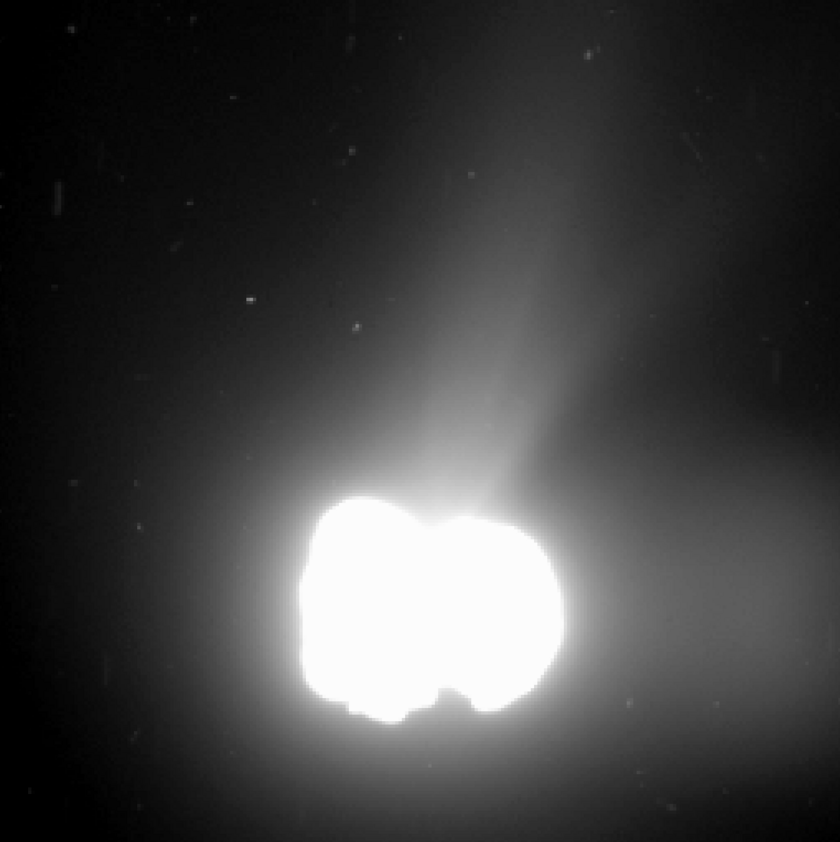 Cometary activity on Churyumov-Gerasimenko, August 2, 2014
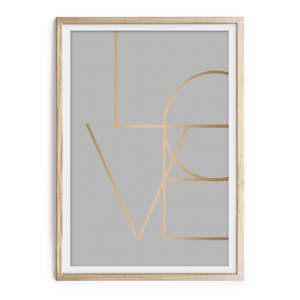Obraz v rámu Velvet Atelier Love, 60 x 40 cm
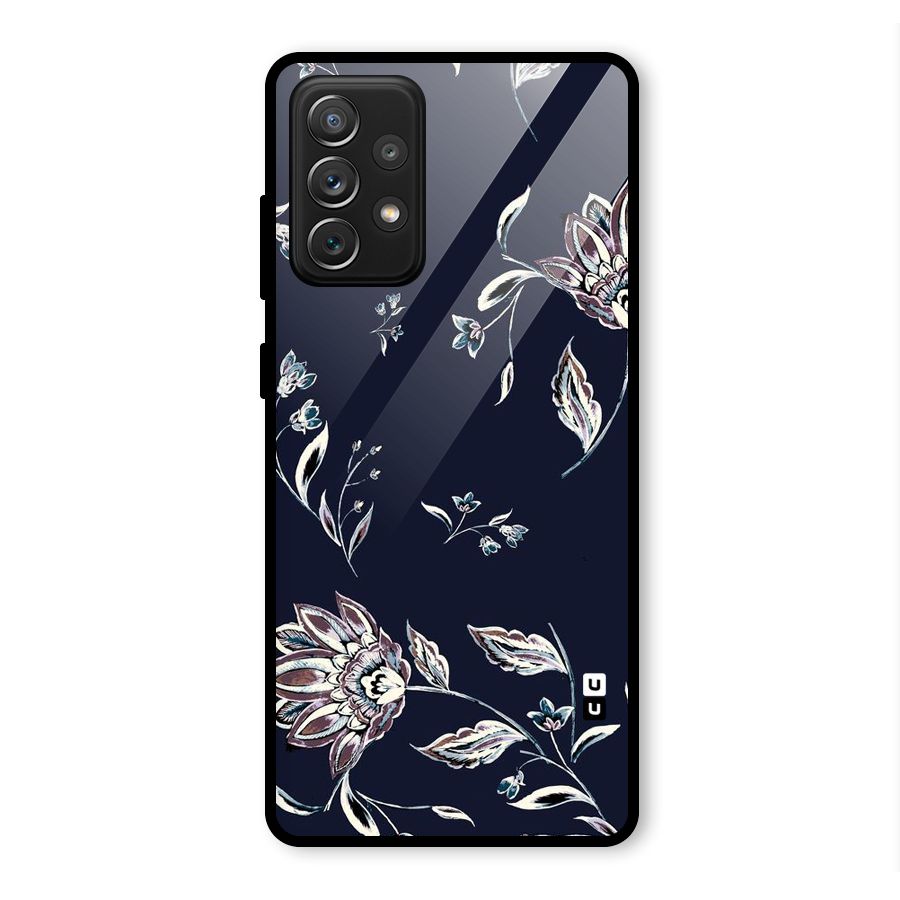 Cute Petals Glass Back Case for Galaxy A72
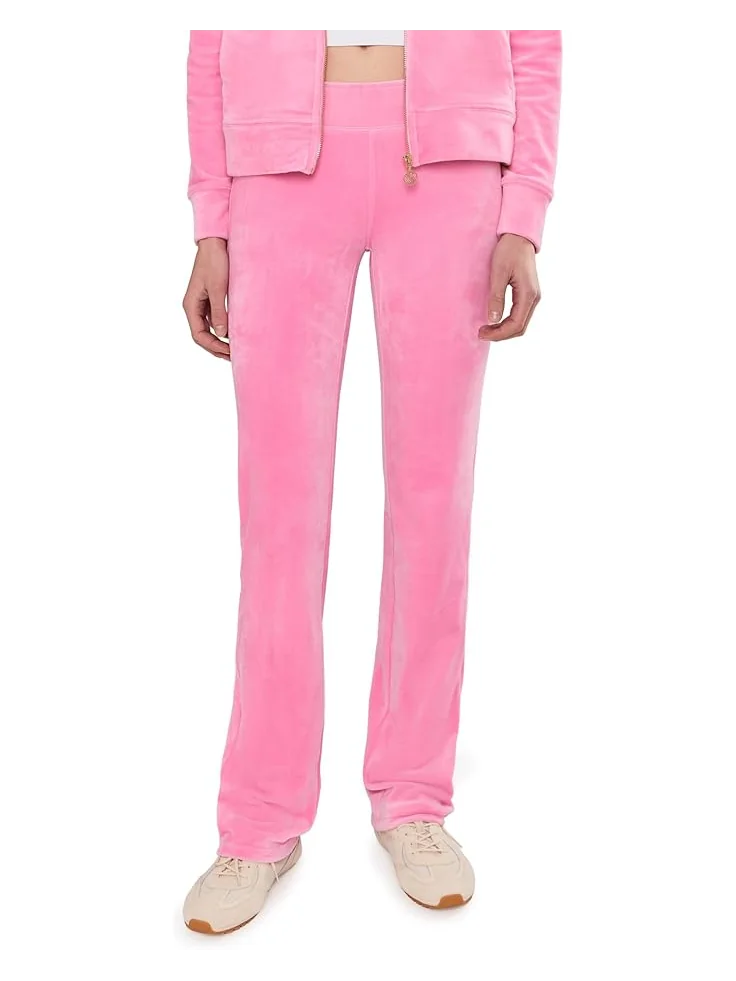 Женские брюки Lilly Pulitzer Dorsey Velour — изображение 1 из 5, розовый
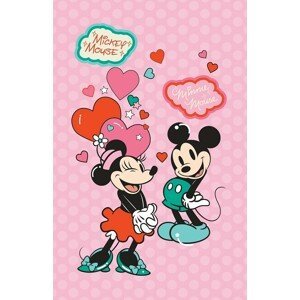 Bavlnený uterák s Mickey a Minnie Mouse Šírka: 30 cm | Dĺžka: 50 cm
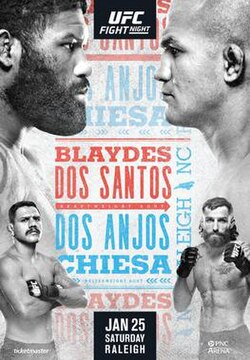 UFC Fight Night: Blaydes vs. dos Santos poster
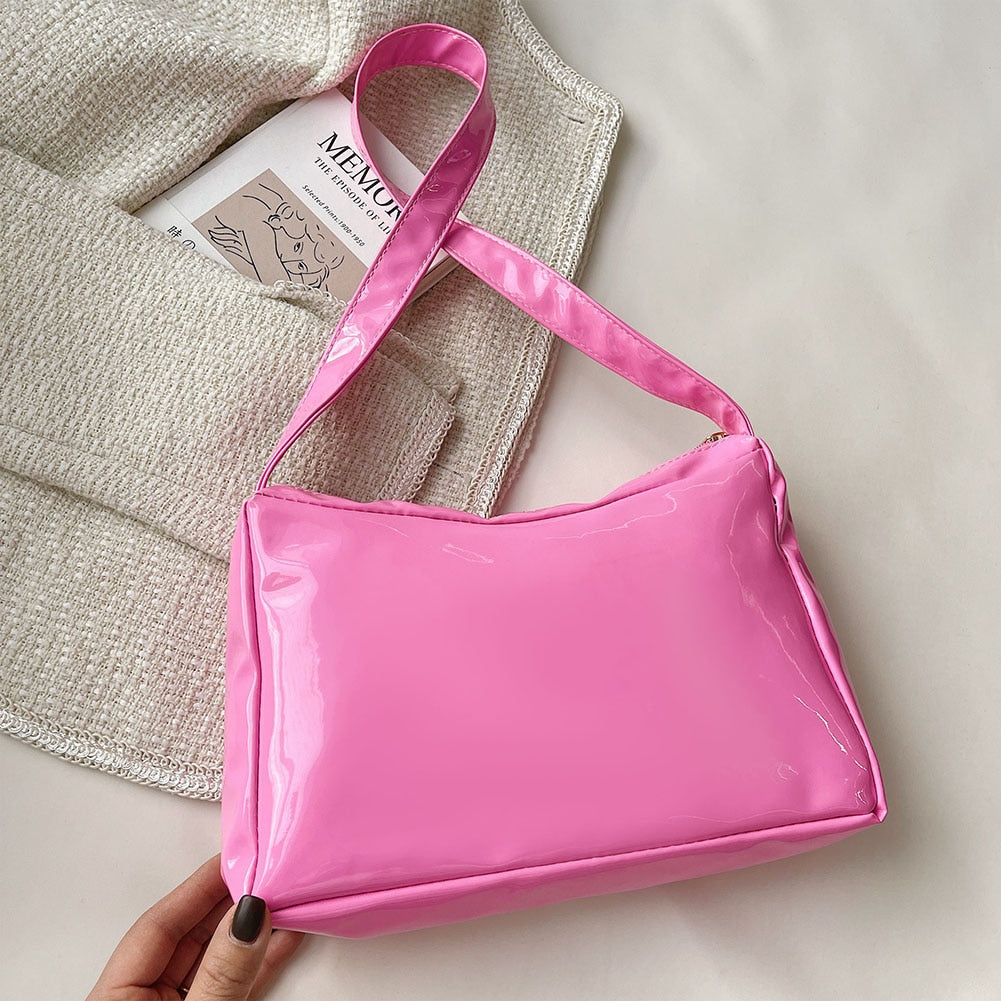 Fashion Casual Women Underarm Bag Solid Color Shopping Shoulder Handbags Elegant Ladies Versatile Women Bag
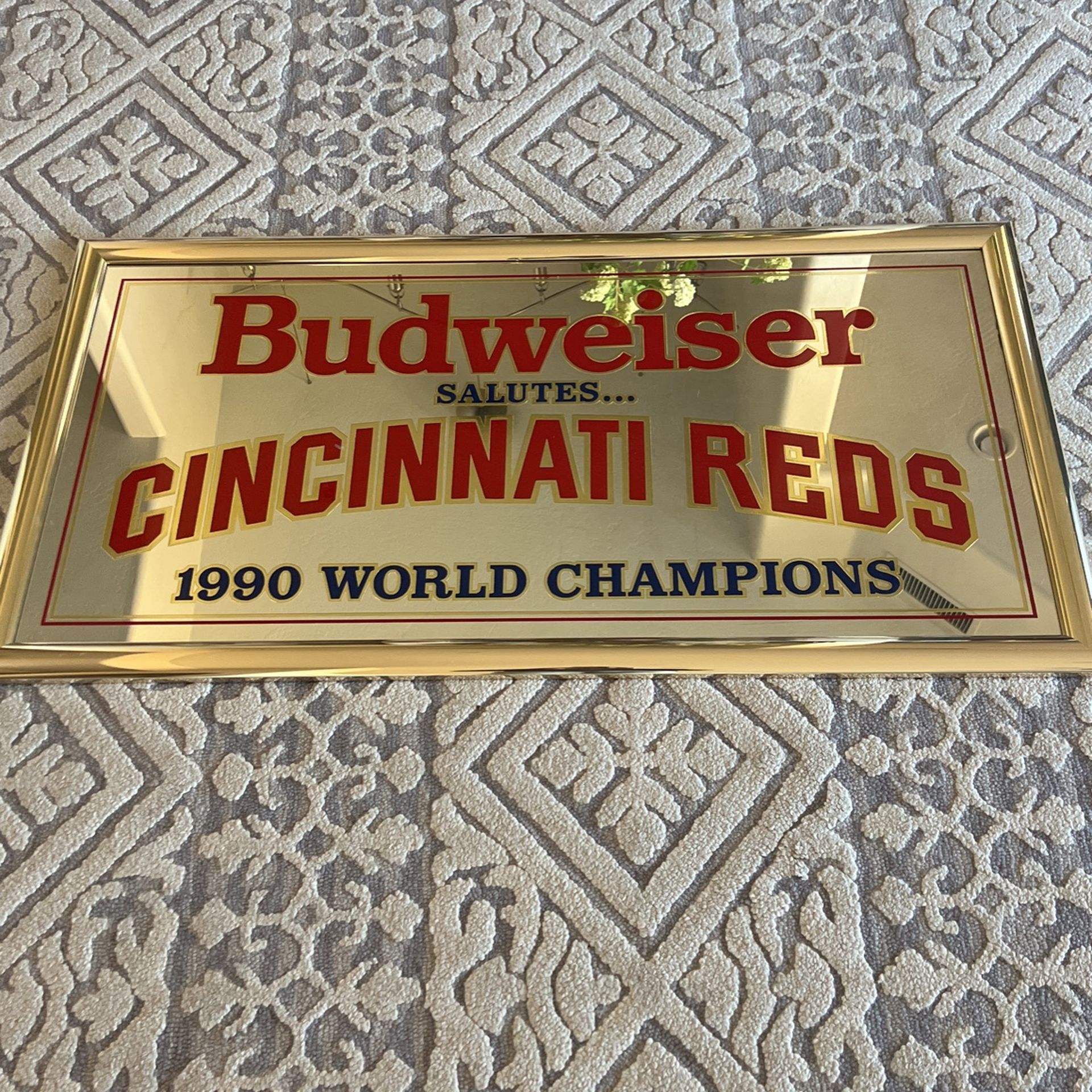1990 Cincinnati Reds World Championship Mirror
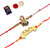 Bhaiya Rakhi Deginer Rakhi Combo For Bhaiya With Roli Chawal And Greeting Card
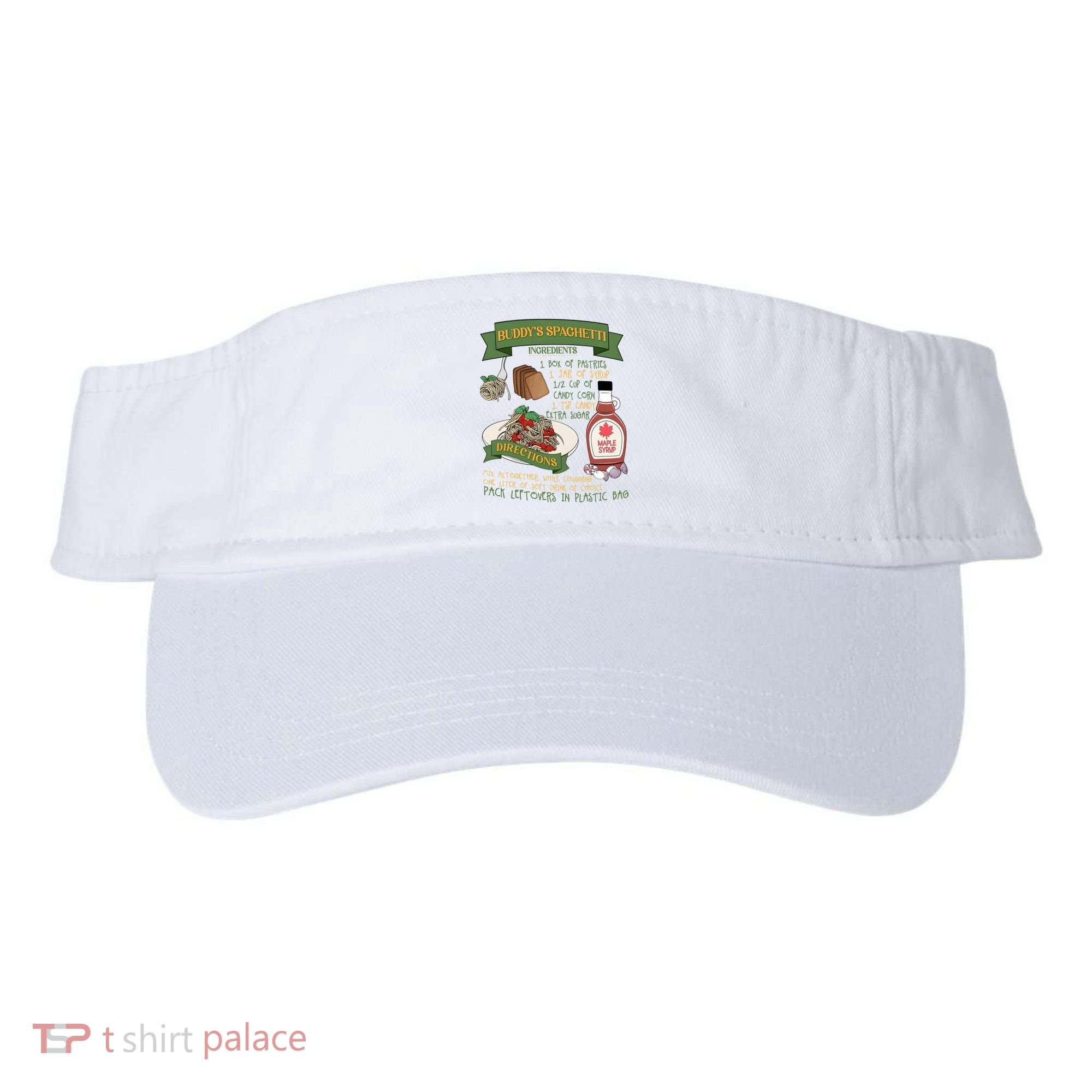 BuddyS Spaghetti Elf Christmas Holiday Season Visor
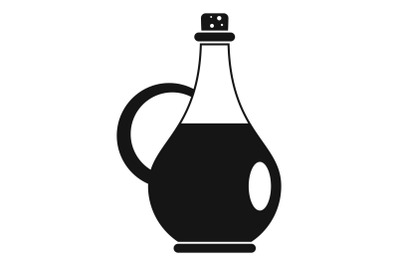 Traditional olive oil bottle icon, simple style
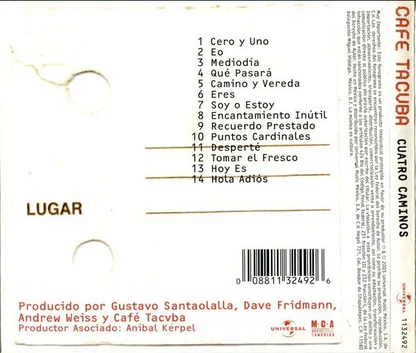 Cafe Tacuba - Cuatro Caminos - Disco Cd - 14 Canciones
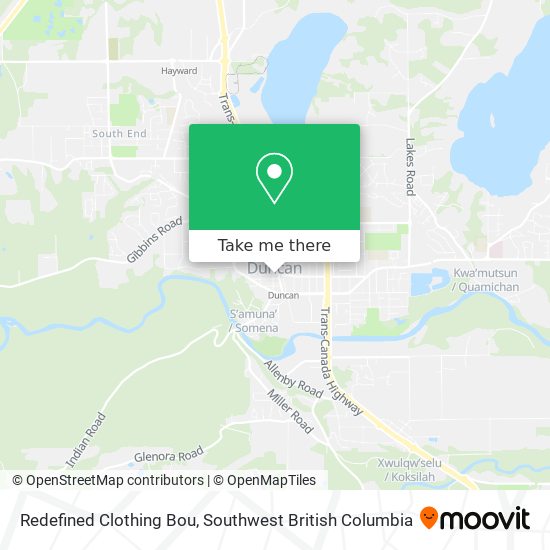 Redefined Clothing Bou map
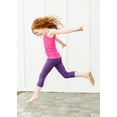 thumbnail image 2 of Made in USA Girls Soft 100% Cotton Capri Leggings | Orange, 2 of 5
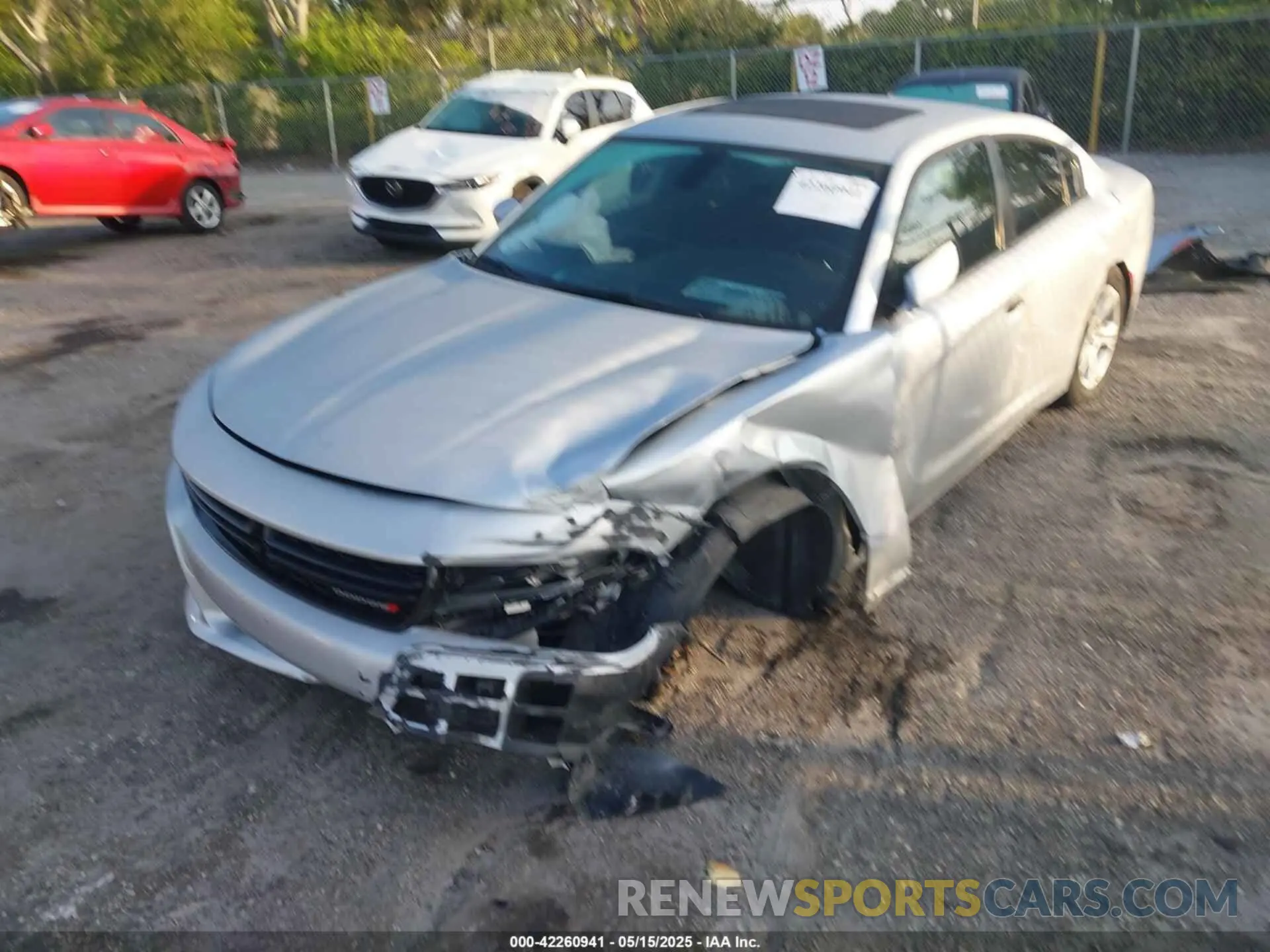 6 fotografías del automóvil dañado 2C3CDXBG7NH169377 DODGE CHARGER 2022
┄┄┄┄┄┄
**Problem to solve**
The copy must start at the line containing "BuddyS Spaghetti Elf" and end at the last line of the data, matching each line exactly. It must hold no pictures.

**Reply**
 BuddyS Spaghetti Elf Christmas Holiday Season Visor
 Traditional olive oil bottle icon, simple style
 Cafe Tacuba - Cuatro Caminos - Disco Cd - 14 Canciones
 Redefined Clothing Bou map
 thumbnail image 2 of Made in USA Girls Soft 100% Cotton Capri Leggings | Orange, 2 of 5
 6 fotografías del automóvil dañado 2C3CDXBG7NH169377 DODGE CHARGER 2022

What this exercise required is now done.